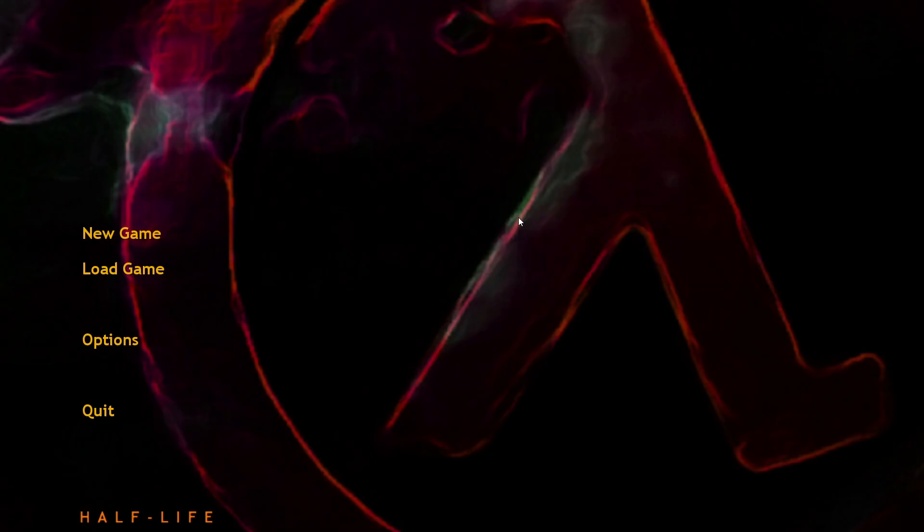Welcome back to my channel, this is ToastedGaming and today we're playing a mod for Half-Life that's called Infected.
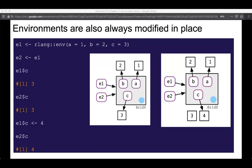Environments are modified in place, in comparison to every other object type. For example, E1 and E2 both reference the same environment. Right now E1$C is 3 and E2$C is 3. If we set E1$C equal to 4, E2$C also changes to 4. So the two things that break the copy-on-modify rule are: objects that only have a single reference to them, and environments.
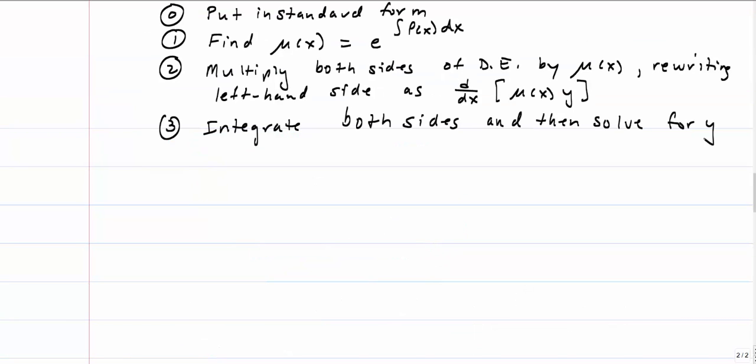Here are the complete steps: put the equation in standard form; find mu(x), which equals e to the integral of P(x)dx; multiply both sides of the differential equation by mu(x); rewrite the left-hand side as d/dx[mu(x)·y]; then integrate both sides and solve for y.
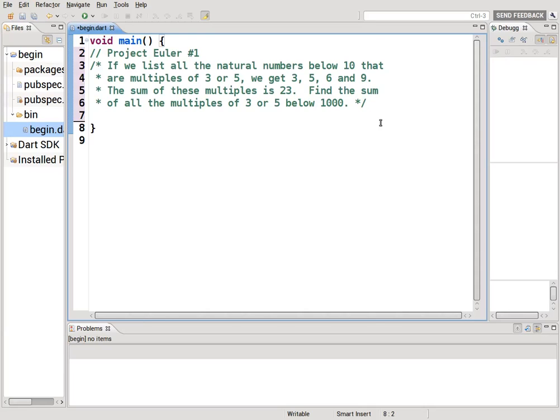Hi everyone, this is Richard. In this video we are going to go over the first problem in Project Euler.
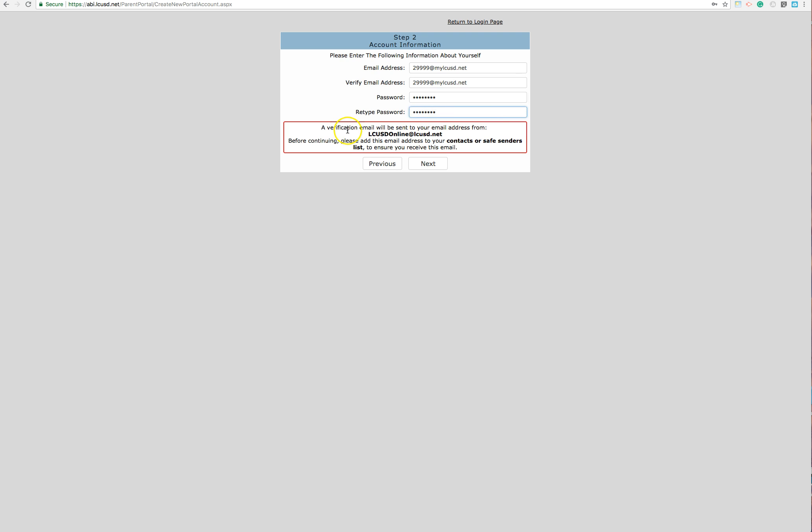And then you'll notice you're going to receive a verification email from this email address right here. For those of you that have Hotmail or Yahoo accounts, please check your spam folder for an email from this account. And then hit next.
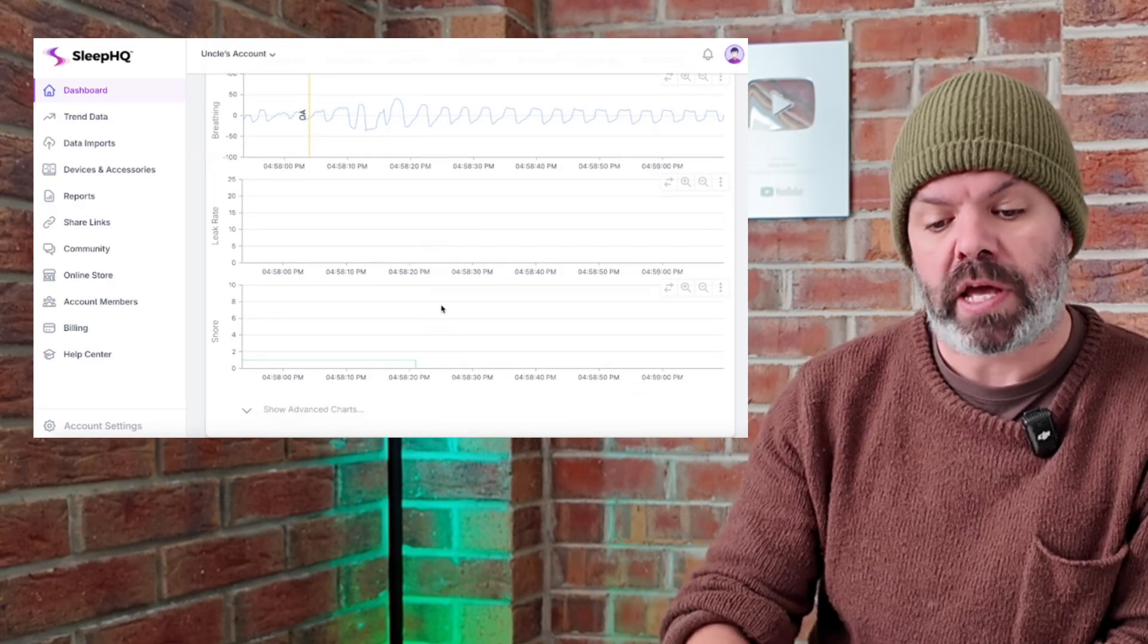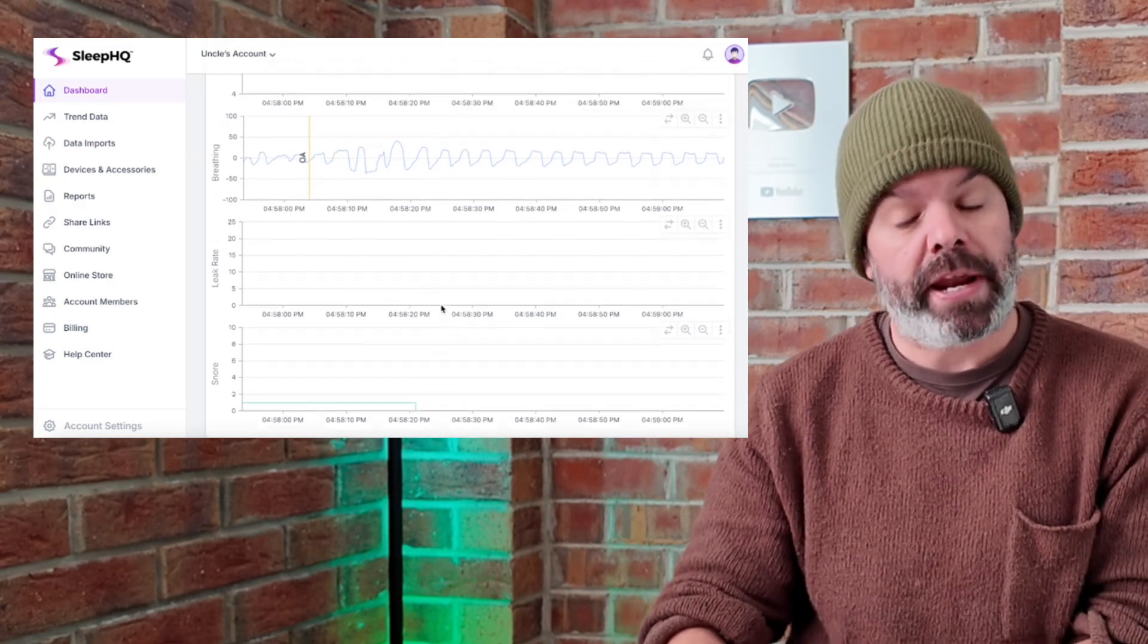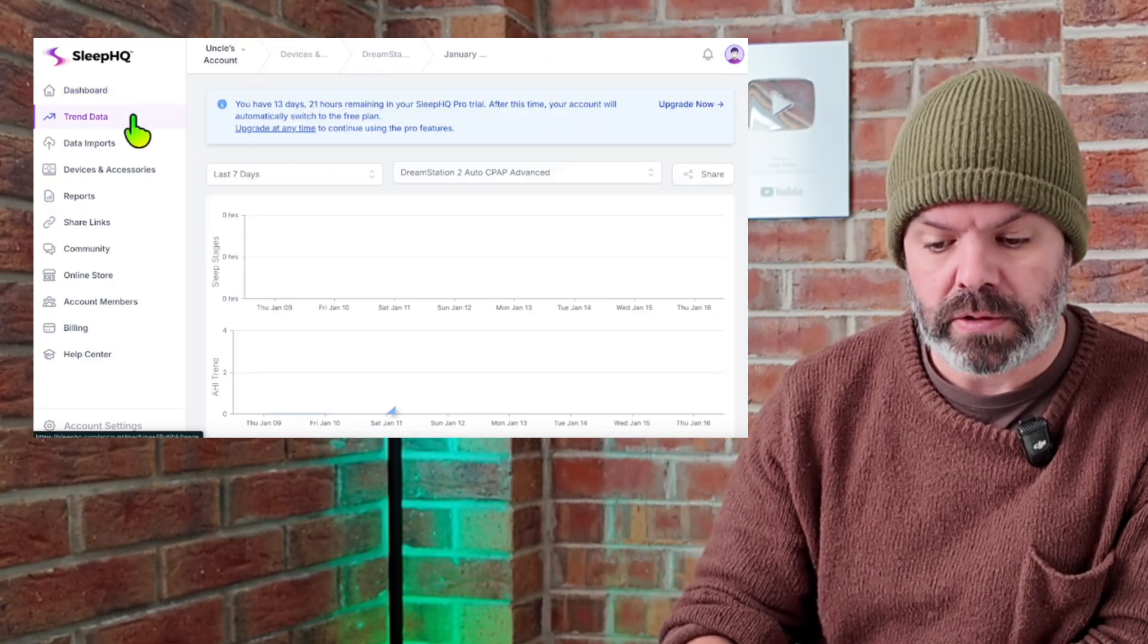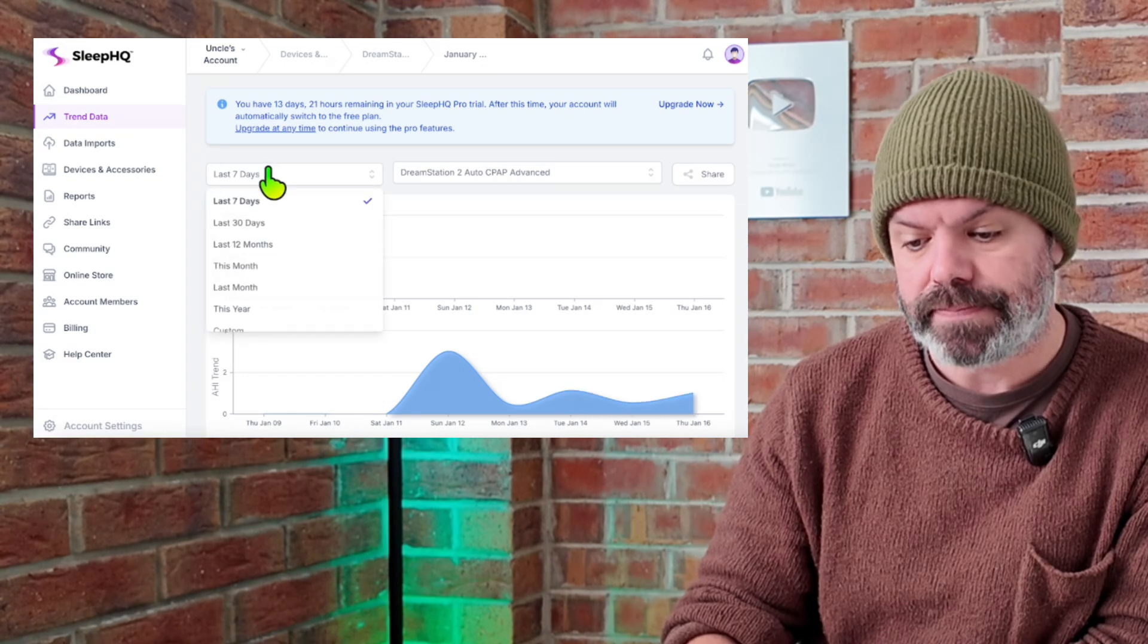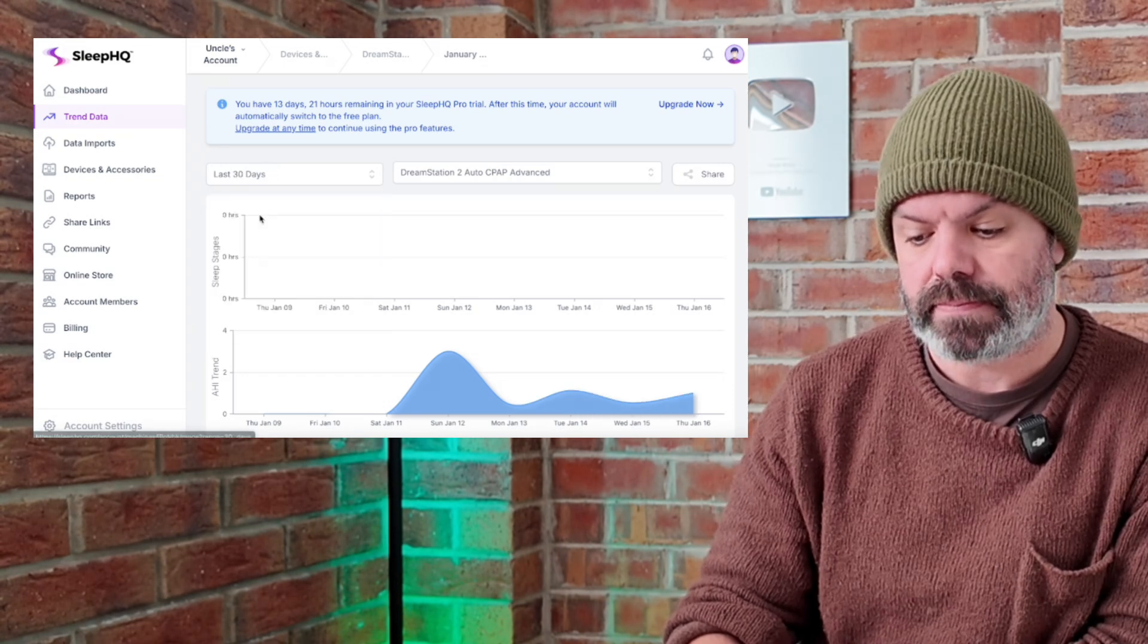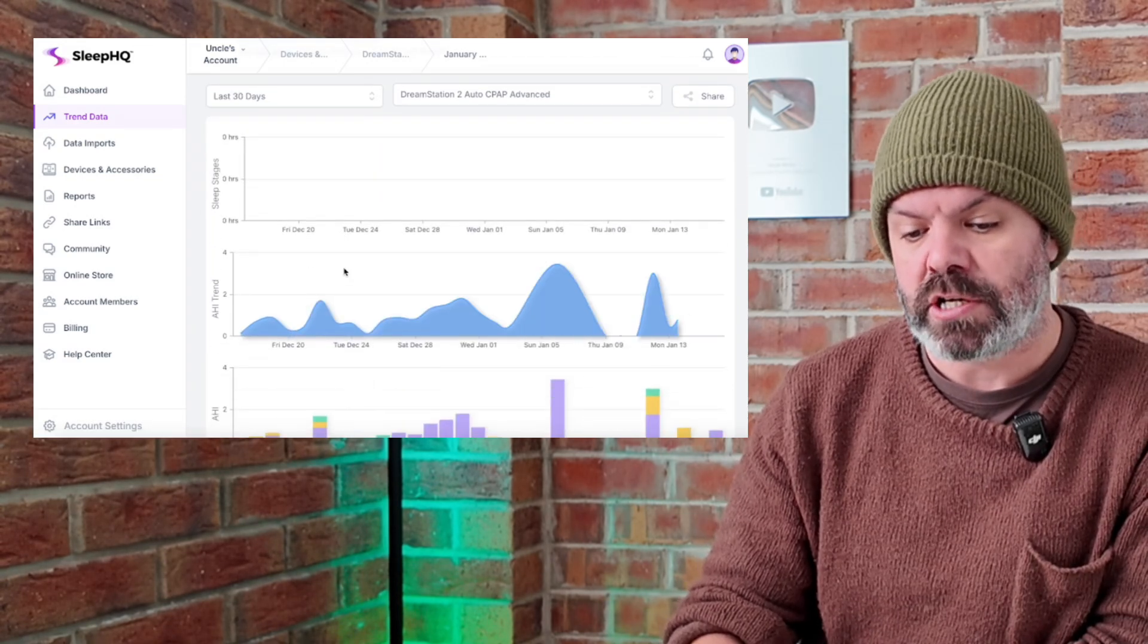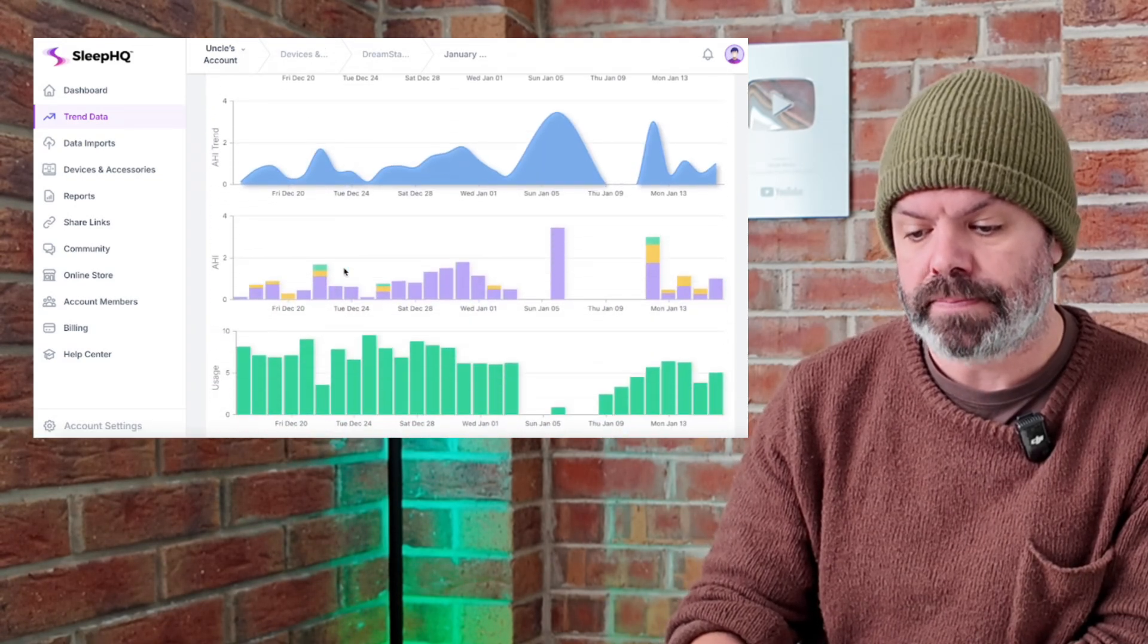You can also come over here to the trend page and we can look at trends. It's the AHI trending over time.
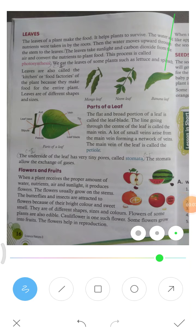Hello students, good morning. Today I will start chapter number two, plant life, class third, second part — this is the last part. I have already explained the first part: parts like leaves, branches, and roots, including photosynthesis and the green pigment chlorophyll. Now we will study the last part of chapter two, which is flowers and fruit.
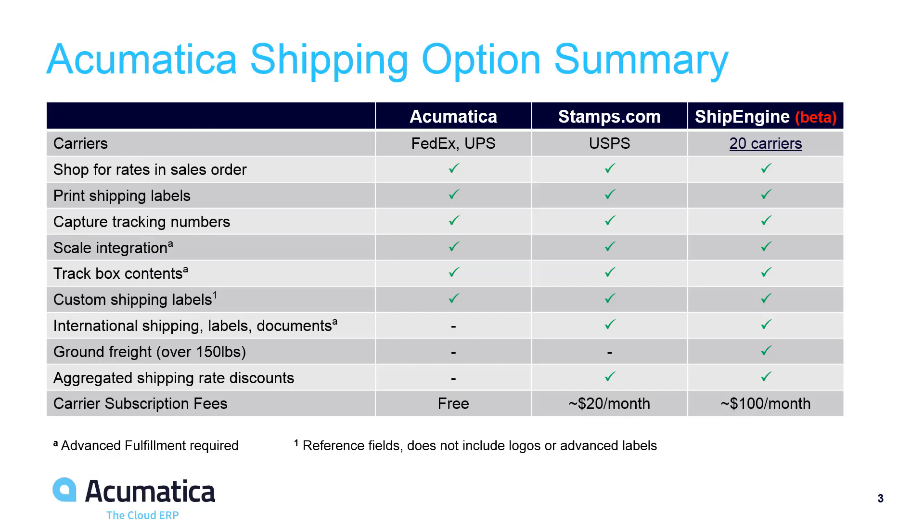Customers can ship within the United States using native integrations with UPS and FedEx. The new integration with Stamps.com supports shipping from the U.S. to domestic and international locations by the United States Postal Service. Customers must purchase a Stamps.com account to ship via USPS and benefit from lower aggregated shipping rates. International shipping requires customers to purchase the Advanced Fulfillment Customization because customs forms must include information about package contents and values.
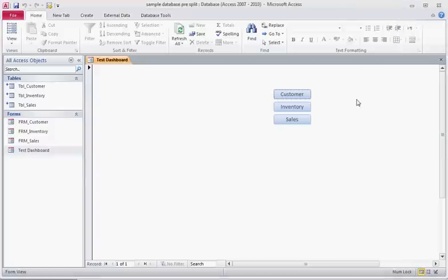In this tutorial we will discuss using the ACCDE file type to create users within your database. This video is an additional video to go along with our last tutorial which was splitting the database.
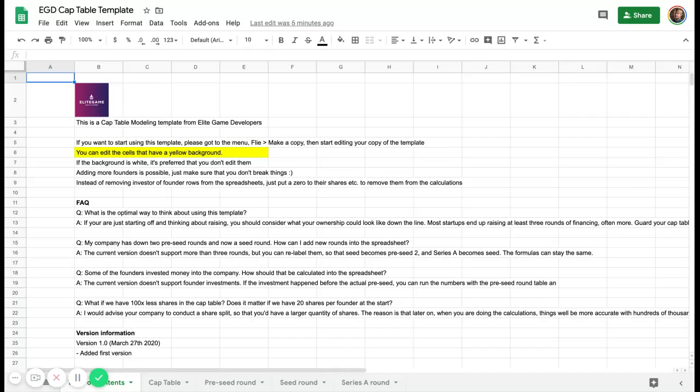Hi, everyone. It's Joakim here. We're going to look at the cap table modeling template today, which we built here at Elite Game Developers. With this template, you can build your own cap table and model out what it's going to look like once you bring in investors into your company.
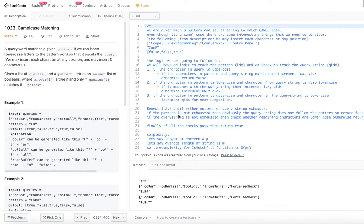Today's problem is a Trie-based problem. I have already uploaded the concept of the Trie data structure in another video — you can get the link from the description. I strongly recommend you watch the Trie concept video first and then come back, so that the algorithm explained here will be much clearer and easier to understand.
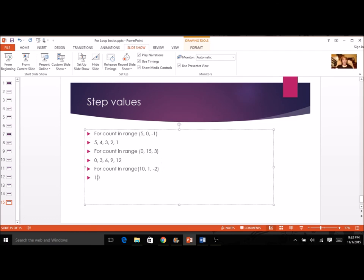For this last one, I start at ten and count down by twos: eight, six, four, two — and I won't reach one. So that's how far this loop goes. I hope this gave you some good practice working with for loops.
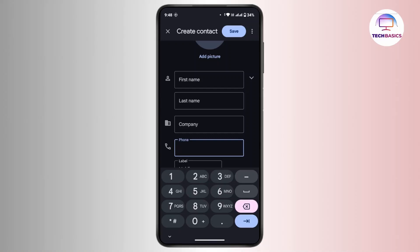Once you're done filling in this form, you have to simply tap on Save from the top right corner, and with that the contact is now saved in your Botim account. That's all for today's video. Hope this video helps you. If you are new to our channel, make sure to like and subscribe. Thanks for watching and stay tuned for more upcoming videos.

▶ PROBLEM: Would you output the lines above from the line holding "Customers can ship" up to and including the line holding "Today's problem is", exactly and only those, with no pictures?

▶ WORKED SOLUTION:
Customers can ship within the United States using native integrations with UPS and FedEx. The new integration with Stamps.com supports shipping from the U.S. to domestic and international locations by the United States Postal Service. Customers must purchase a Stamps.com account to ship via USPS and benefit from lower aggregated shipping rates. International shipping requires customers to purchase the Advanced Fulfillment Customization because customs forms must include information about package contents and values.
In this tutorial we will discuss using the ACCDE file type to create users within your database. This video is an additional video to go along with our last tutorial which was splitting the database.
Hi, everyone. It's Joakim here. We're going to look at the cap table modeling template today, which we built here at Elite Game Developers. With this template, you can build your own cap table and model out what it's going to look like once you bring in investors into your company.
Today's problem is a Trie-based problem. I have already uploaded the concept of the Trie data structure in another video — you can get the link from the description. I strongly recommend you watch the Trie concept video first and then come back, so that the algorithm explained here will be much clearer and easier to understand.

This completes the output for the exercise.